AIM OF THE TASK: Only the lines holding "Glass" are wanted; find them in the listing and return each one.

+++++

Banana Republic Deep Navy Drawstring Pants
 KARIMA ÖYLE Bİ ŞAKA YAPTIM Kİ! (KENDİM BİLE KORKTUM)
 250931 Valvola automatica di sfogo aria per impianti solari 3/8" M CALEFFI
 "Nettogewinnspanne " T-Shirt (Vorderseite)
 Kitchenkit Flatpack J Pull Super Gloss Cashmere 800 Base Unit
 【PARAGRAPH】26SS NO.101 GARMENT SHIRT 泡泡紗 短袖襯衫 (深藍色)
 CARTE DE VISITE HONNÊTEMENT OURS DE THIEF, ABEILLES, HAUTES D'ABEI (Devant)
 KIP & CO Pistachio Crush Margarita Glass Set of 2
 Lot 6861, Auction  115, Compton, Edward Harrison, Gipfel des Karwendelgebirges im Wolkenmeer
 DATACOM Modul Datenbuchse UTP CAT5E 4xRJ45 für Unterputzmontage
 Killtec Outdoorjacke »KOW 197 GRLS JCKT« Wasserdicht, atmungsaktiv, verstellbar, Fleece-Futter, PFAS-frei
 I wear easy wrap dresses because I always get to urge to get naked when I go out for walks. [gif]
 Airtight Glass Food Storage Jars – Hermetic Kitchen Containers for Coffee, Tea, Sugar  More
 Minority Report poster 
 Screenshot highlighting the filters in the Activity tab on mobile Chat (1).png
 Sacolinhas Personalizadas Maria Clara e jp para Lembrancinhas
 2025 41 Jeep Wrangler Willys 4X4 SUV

+++++

OUTPUT OF THE EXERCISE:
 KIP & CO Pistachio Crush Margarita Glass Set of 2
 Airtight Glass Food Storage Jars – Hermetic Kitchen Containers for Coffee, Tea, Sugar  More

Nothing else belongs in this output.